Todavia, uma questão polêmica tem sido objeto de discussão entre os estudiosos da ciência penal e processual penal: como o Estado deverá proceder quando a certidão de óbito apresentada for falsa? A doutrina e a jurisprudência divergem e apresentam duas correntes em relação ao tema.
A primeira corrente entende que a morte do agente reconhecida de maneira equivocada e fundada em documentação falsa não poderá reavivar a ação penal, considerando que a sentença faz coisa julgada formal e material. Logo, para esta corrente não é possível dar prosseguimento a ação penal, ainda que a documentação não seja verídica. No entanto, outra parte da doutrina não tem o mesmo entendimento. Para esta corrente a morte do agente comprovada por meio de certidão falsa deve possibilitar continuidade da ação penal, baseada no fato de que, se a morte do agente não ocorreu, não há que se falar em coisa julgada.

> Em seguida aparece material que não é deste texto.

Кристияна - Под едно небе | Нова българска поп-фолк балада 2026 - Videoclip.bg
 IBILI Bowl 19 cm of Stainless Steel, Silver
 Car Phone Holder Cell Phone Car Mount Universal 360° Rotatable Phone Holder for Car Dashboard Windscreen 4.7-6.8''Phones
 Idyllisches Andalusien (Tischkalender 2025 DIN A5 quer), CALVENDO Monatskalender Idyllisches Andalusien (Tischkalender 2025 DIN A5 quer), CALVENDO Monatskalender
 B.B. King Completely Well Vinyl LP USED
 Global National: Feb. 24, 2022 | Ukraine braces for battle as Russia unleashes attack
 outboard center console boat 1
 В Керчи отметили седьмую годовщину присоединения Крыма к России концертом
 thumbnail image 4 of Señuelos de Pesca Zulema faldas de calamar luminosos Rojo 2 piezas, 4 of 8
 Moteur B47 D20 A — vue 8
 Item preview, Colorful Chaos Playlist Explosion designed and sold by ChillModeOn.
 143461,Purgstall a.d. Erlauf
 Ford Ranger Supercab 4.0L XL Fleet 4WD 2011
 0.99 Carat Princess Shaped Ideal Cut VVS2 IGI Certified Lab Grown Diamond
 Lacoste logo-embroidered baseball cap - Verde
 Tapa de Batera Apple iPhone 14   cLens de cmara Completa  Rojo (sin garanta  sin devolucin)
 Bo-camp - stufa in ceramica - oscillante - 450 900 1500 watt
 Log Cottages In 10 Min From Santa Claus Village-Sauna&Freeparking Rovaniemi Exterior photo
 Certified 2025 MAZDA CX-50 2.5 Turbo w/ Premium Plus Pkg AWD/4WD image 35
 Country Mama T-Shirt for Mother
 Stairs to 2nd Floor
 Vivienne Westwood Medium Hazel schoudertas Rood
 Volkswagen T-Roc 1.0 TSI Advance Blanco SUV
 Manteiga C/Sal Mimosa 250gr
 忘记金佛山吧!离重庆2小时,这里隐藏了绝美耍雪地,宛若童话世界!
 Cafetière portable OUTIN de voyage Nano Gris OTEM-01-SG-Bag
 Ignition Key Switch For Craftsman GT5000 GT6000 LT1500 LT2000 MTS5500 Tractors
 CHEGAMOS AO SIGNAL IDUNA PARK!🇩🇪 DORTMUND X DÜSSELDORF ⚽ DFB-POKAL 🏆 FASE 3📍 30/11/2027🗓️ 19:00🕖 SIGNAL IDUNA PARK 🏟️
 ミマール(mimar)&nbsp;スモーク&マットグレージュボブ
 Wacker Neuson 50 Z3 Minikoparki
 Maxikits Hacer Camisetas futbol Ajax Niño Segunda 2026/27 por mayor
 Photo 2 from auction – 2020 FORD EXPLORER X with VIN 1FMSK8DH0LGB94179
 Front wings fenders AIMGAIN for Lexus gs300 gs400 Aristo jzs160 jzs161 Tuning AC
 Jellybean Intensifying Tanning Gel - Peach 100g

Com a devida vênia, entendo ser a última corrente a mais apropriada. Analisando a redação do artigo 107 do Código Penal, verifica-se que a morte do agente é a primeira causa de extinção de punibilidade. Para atestar a morte, exige-se a certidão de óbito para que assim, a ação penal seja extinta sem análise do mérito, vez que não há mais pretensão punitiva do Estado. Por isso entendo que, se é apresentado um documento falsificado a respeito da morte do agente, não há mais que se falar em coisa julgada, visto que a sentença é explicitamente fundada em fato jurídico inexistente. Ora, se o fato é inexistente, esta decisão não possui eficácia jurídica, de modo que a ação penal deve prosseguir normalmente.
Devemos lembrar que a natureza do ato decisório para determinar a extinção da punição é uma decisão interlocutória terminativa, posto que não há sequer análise de questão meritória. Diante da inexistência do pressuposto para a declaração da extinção de punibilidade a decisão deve ser anulada, sem ofensa à coisa julgada. Assim entendem Celso Delmanto, Roberto Delmanto, Roberto Delmanto Júnior e Fábio M. de Almeida Delmanto, in Código Penal comentado:
"o pressuposto da declaração de extinção de punibilidade é a morte, e como esta inexiste, a decisão não adquire a força de coisa julgada. Assim, o processo pode prosseguir, salvo a ocorrência de outra causa de extinção, como a superveniente prescrição" (DELMANTO, 2000, p. 188).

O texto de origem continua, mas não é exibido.